Pois agora nada. E tenho a certeza de que a malta nova havia de se
divertir à brava com a corrida de asnos. Mas ao que eu vinha: não sei o
que se passa com Fafe, que lhe deu para inventar tradições, como se as
não tivesse, verdadeiras, antigas, genuínas e únicas. Fafe perdeu o
sentido. Fafe da segunda década do século XXI tem uma linha de montagem
de "novas" tradições, trabalha a todo o vapor, borbulha de
"cosmopolitismo", e se calhar está a fazer bem, embora o povo não saiba
ou não faça caso. Eu vejo as "iniciativas", eu vejo as fotografias
oficiais e assassinas, e na plateia - apenas duas ou três filas mal
vestidas - estão lá só e sempre os quinze do costume. Então onde está
Fafe?
Por outro lado, dá-me pena que a minha terra (ou quem manda na minha terra) tenha vergonha da Justiça de Fafe.

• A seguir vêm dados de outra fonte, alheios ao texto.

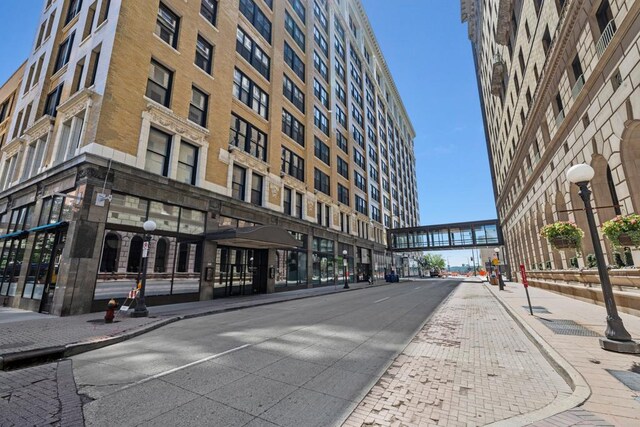 350 Saint Peter St Unit 707, Saint Paul, MN 55102 - view of building exterior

Dá-me pena que Fafe tenha vergonha dos seus burros. Como se alguém que
de momento pode e manda quisesse varrer para debaixo do tapete de
pelúcia a memória (e a história) mais terra-a-terra de Fafe, "para não
parecer mal" aos senhores de fora e para parecer bem na televisão.
Enfim, uma jericada...
P.S. - Hoje, 8 de Maio, é Dia Internacional do Burro.